Failure to Re-Evaluate PRN Antipsychotic Order Within Required 14-Day Limit
Penalty
Summary
The deficiency involves the facility’s failure to comply with requirements for PRN antipsychotic medications, resulting in a chemical restraint concern for one resident. The resident, an older adult with dementia, epilepsy, chronic pain, bipolar disorder, anxiety disorder, and a history of cerebral infarction, had a physician order for Seroquel 25 mg to be given by mouth three times a day as needed for agitation related to anxiety disorder, starting on 2/3/26. The February MAR showed that the PRN Seroquel was administered on three occasions (2/11/26, 2/14/26, and 2/22/26).

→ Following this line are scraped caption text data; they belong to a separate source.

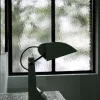 E63 Lamp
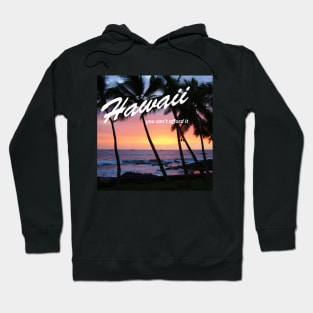 Hawaii - You Can't Afford It: Funny Parody of Vacation Souvenir Hoodie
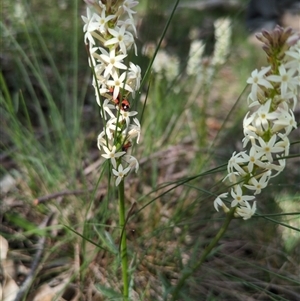 Stackhousia monogyna (Creamy Candles) at Sutton, NSW - 8 Oct 2025 by Marchien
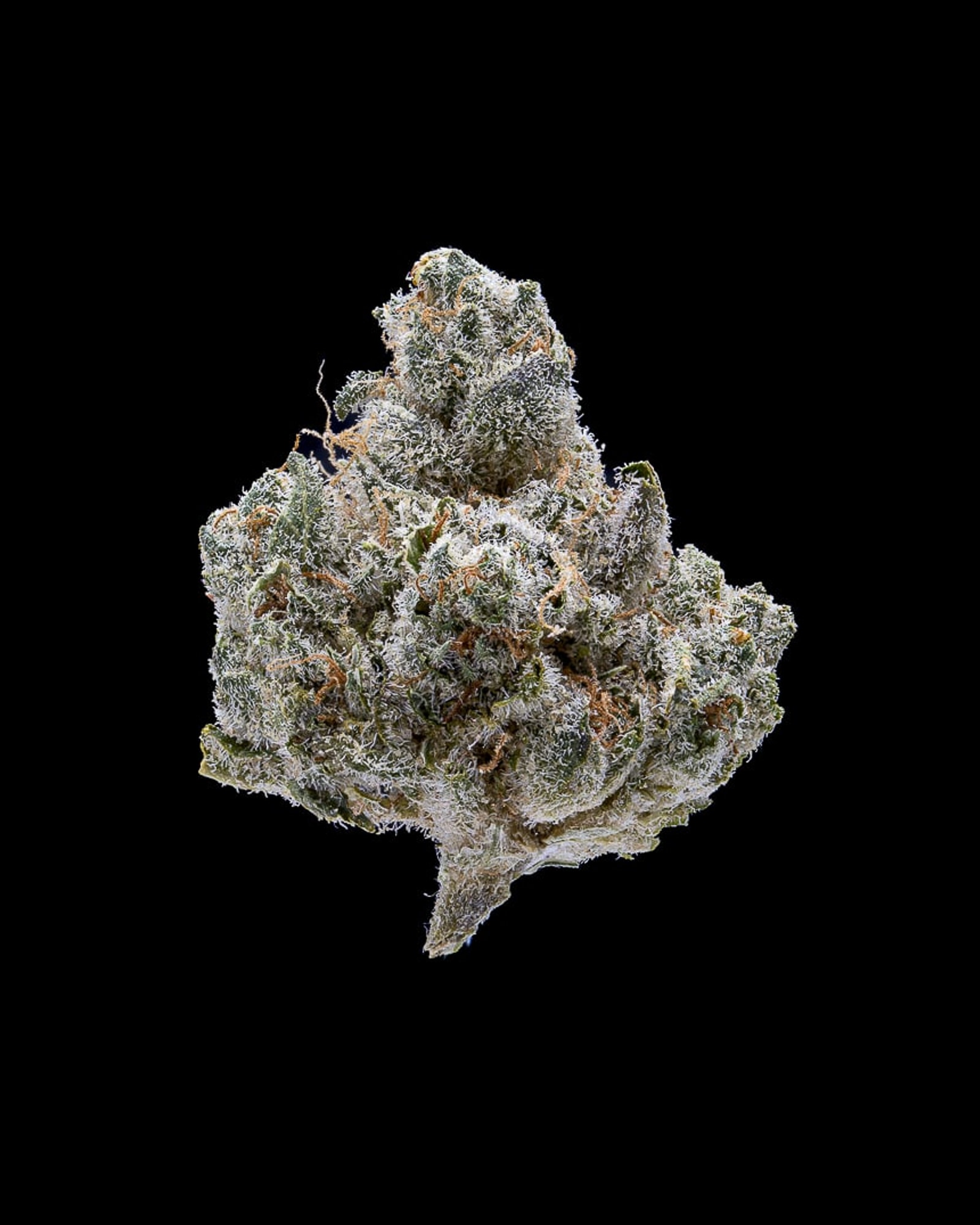 Clementine Kush flower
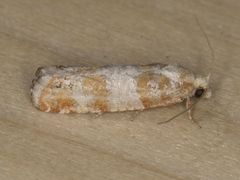 Retinia sabiniana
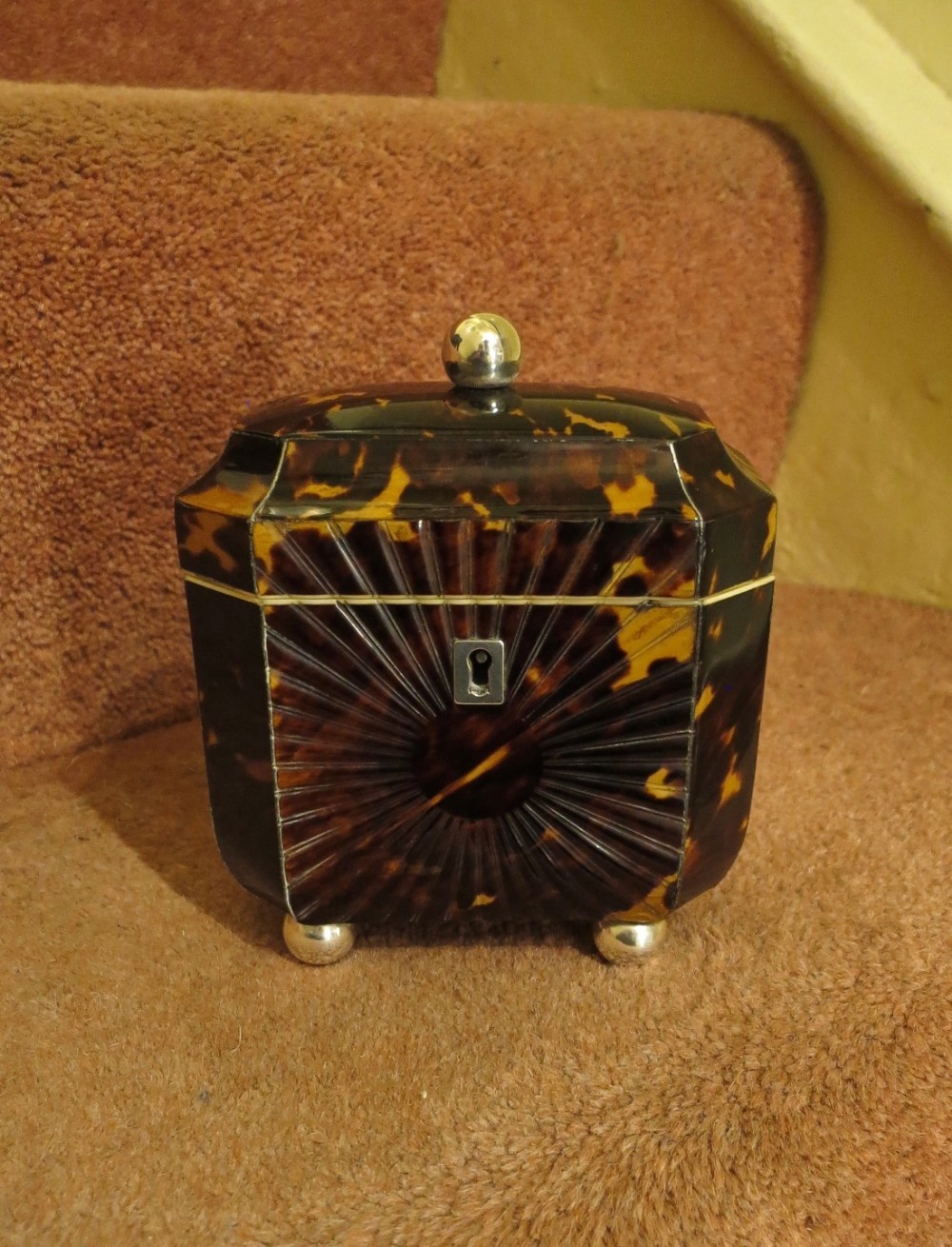 PRETTY REGENCY 'PRESSED' TORTOISESHELL TEA CADDY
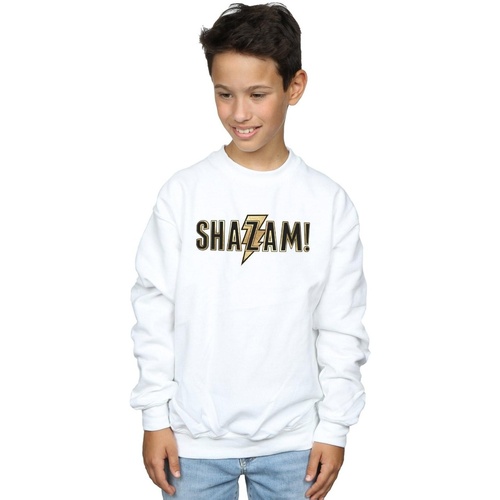 Vêtements Garçon Sweats Dc Comics Shazam Text Logo Blanc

Observations on 3/12/26 documented the resident in a wheelchair in the lobby with eyes closed, chin resting on the chest, and later with the tongue hanging out of the mouth, while a musician performed nearby. Record review and staff interviews revealed that the PRN Seroquel order remained active from 2/3/26 through at least 3/26/26 without documented re-evaluation by the physician or a mental health provider, despite facility policy limiting PRN psychotropic orders to 14 days and requiring an evaluation and documentation to renew PRN antipsychotic orders. A nurse stated that the physician re-evaluated PRN antipsychotics during quarterly gradual dose reductions and monthly order recapitulations, but could not identify any documentation of a specific re-evaluation or rationale for continuing this PRN Seroquel order. The medical director could not recall if he documented a re-evaluation and appeared unaware that documentation every 14 days was required to continue a PRN antipsychotic. The facility’s pharmacist reported that, during a recent medication regimen review, she noted the PRN Seroquel order and recommended its discontinuation. This failure resulted in the resident having the potential to receive an antipsychotic dose beyond the 14-day limit without the required re-evaluation.